Parkes Joel G, Templeton Douglas M
Department of Laboratory Medicine and Pathobiology, University of Toronto, Medical Sciences Bldg., Rm. 6302, 1 King's College Circle, Toronto, Ont., Canada M5S 1A8.
Toxicol Lett. 2003 Sep 30;144(2):225-33. doi: 10.1016/s0378-4274(03)00222-4.

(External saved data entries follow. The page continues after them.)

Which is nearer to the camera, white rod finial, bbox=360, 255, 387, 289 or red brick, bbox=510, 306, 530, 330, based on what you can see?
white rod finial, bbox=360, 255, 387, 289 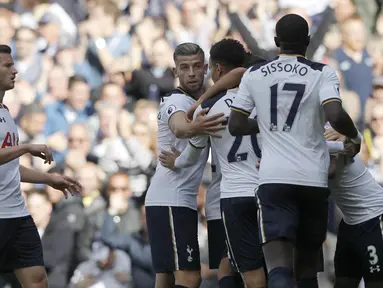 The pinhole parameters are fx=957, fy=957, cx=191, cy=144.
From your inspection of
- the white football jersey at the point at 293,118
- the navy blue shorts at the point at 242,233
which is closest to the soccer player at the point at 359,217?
the navy blue shorts at the point at 242,233

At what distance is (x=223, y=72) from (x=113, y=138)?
164 inches

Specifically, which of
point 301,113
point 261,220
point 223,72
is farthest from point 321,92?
point 223,72

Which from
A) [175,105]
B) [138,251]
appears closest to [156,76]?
[138,251]

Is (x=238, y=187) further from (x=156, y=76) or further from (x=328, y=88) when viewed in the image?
(x=156, y=76)

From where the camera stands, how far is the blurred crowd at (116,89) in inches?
432

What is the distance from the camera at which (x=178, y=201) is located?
754cm

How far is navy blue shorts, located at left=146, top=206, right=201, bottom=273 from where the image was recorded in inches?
293

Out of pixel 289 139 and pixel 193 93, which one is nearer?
pixel 289 139

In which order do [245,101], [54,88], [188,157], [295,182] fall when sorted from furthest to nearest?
1. [54,88]
2. [188,157]
3. [245,101]
4. [295,182]

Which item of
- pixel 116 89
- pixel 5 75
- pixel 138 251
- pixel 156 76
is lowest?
pixel 138 251

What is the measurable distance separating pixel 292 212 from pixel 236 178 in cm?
107

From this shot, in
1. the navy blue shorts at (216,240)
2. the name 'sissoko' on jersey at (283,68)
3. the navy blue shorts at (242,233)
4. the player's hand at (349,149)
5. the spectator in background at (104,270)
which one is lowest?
the spectator in background at (104,270)

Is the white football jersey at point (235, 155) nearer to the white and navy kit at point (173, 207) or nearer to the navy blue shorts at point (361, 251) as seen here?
the white and navy kit at point (173, 207)

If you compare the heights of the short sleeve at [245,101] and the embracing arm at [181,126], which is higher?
the short sleeve at [245,101]
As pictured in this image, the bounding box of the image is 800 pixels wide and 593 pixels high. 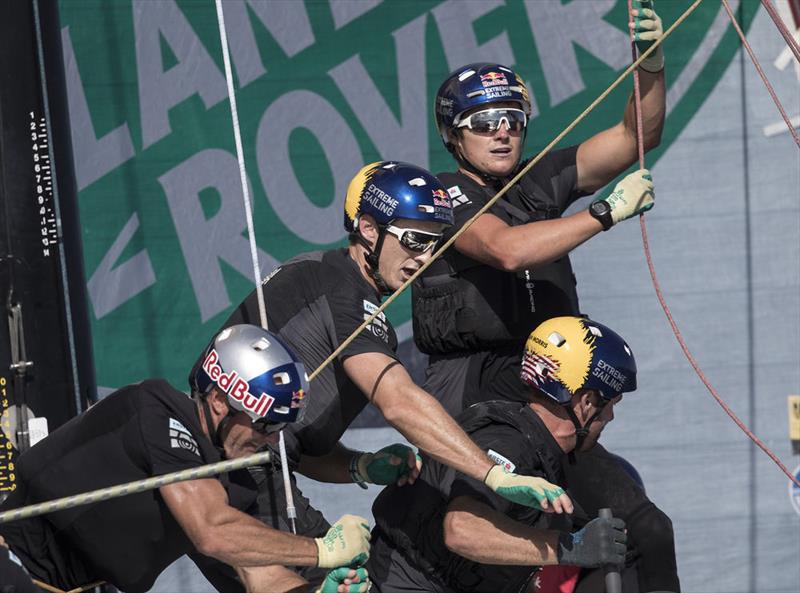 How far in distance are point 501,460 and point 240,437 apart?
77 cm

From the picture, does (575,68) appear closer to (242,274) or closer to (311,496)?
(242,274)

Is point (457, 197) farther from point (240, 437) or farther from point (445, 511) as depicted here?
point (240, 437)

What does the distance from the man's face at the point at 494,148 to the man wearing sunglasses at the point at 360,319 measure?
0.37 metres

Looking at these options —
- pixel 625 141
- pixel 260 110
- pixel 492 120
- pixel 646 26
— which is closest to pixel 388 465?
pixel 492 120

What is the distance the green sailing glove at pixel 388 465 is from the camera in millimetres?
4461

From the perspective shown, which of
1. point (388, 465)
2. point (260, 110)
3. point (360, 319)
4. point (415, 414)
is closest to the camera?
point (415, 414)

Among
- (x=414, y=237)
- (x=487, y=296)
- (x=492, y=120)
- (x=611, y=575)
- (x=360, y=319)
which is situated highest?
(x=492, y=120)

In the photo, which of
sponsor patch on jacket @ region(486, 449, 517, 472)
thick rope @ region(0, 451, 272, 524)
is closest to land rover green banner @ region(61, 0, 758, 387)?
sponsor patch on jacket @ region(486, 449, 517, 472)

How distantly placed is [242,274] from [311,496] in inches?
38.5

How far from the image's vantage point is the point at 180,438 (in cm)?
377

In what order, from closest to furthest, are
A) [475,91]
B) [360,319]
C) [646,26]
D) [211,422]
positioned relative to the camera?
[211,422] < [360,319] < [646,26] < [475,91]

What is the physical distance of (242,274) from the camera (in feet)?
20.0

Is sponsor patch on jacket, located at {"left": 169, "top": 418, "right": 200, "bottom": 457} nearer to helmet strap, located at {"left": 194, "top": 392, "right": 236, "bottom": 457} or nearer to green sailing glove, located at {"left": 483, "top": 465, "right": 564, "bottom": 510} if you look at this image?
helmet strap, located at {"left": 194, "top": 392, "right": 236, "bottom": 457}

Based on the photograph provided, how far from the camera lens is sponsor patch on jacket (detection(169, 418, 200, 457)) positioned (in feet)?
12.3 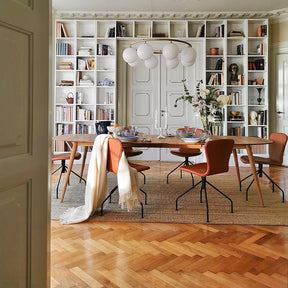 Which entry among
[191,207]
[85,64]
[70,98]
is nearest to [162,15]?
[85,64]

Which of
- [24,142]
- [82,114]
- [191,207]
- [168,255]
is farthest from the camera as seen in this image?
[82,114]

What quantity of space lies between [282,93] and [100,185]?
4.99 metres

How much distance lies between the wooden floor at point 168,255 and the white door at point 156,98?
159 inches

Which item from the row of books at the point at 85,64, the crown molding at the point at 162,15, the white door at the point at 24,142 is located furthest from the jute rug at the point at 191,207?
the crown molding at the point at 162,15

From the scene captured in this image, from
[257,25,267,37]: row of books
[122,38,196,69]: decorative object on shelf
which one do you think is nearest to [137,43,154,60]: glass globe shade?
[122,38,196,69]: decorative object on shelf

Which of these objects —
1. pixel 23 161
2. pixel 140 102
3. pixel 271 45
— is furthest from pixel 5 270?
pixel 271 45

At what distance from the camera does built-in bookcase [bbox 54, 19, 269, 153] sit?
20.5 feet

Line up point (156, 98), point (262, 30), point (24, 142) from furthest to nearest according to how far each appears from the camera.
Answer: point (156, 98), point (262, 30), point (24, 142)

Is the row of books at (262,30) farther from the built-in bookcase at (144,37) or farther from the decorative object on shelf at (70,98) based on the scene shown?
the decorative object on shelf at (70,98)

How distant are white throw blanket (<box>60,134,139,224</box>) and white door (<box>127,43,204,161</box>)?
144 inches

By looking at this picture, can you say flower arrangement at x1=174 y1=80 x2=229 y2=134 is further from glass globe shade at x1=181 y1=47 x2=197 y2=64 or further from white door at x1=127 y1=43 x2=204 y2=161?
white door at x1=127 y1=43 x2=204 y2=161

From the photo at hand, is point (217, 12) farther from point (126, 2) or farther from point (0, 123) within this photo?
Result: point (0, 123)

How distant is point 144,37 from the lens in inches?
253

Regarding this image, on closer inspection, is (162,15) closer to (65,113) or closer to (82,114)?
(82,114) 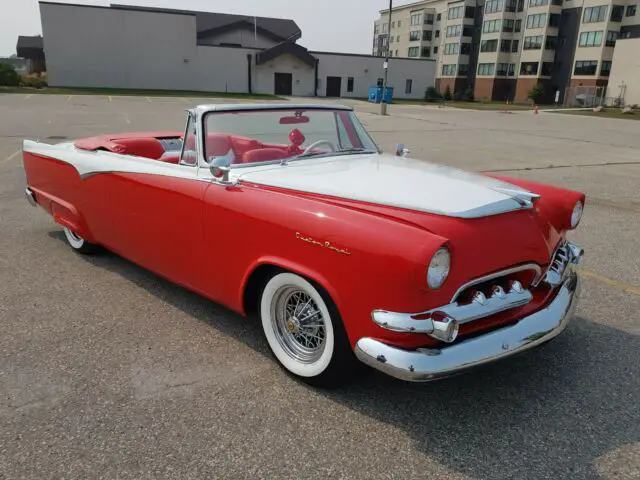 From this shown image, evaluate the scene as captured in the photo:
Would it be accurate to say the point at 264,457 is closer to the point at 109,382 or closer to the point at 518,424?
the point at 109,382

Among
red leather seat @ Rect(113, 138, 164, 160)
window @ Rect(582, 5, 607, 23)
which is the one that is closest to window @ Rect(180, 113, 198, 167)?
red leather seat @ Rect(113, 138, 164, 160)

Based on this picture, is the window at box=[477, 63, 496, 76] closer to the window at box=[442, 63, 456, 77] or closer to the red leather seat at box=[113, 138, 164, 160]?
the window at box=[442, 63, 456, 77]

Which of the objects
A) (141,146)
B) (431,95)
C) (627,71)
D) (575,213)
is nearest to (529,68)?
(627,71)

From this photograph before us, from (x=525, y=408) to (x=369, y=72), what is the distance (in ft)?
169

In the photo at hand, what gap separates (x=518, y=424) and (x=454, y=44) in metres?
72.6

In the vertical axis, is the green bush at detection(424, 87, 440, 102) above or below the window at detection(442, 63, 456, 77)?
below

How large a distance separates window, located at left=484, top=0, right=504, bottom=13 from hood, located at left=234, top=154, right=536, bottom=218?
218 ft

Mechanisms by which hepatocytes and transdifferentiated hepatic stellate cells (HSC) initiate liver fibrosis in chronic iron toxicity are unknown. This study was to determine if factors in media from control and iron-loaded rat hepatocyte cultures modulate HSC gene expression and proliferation. Conditioned medium (CM) from both control and iron-loaded hepatocytes increased serum-stimulated DNA synthesis by HSC to 140% of control values (P<0.05). Heating CM (15 min, 80 degrees C) caused a suppression of DNA synthesis that was partially reversed by a TGF-beta-neutralizing antibody. Addition of TGF-beta1 reproduced the suppression. Levels in HSC of mRNA for collagen type I, collagen type IV, TGF-beta, and plasminogen activator inhibitor-1 were unaffected by exposure to CM but increased significantly when CM from iron-loaded hepatocytes was heat-treated. In HepG2 cell cultures, iron loading increased total (but not activated) TGF-beta secretion into the medium approximately 2-fold. We conclude that increased secretion of latent TGF-beta by hepatocytes injured by iron is a potential factor influencing fibrogenic behavior of HSC.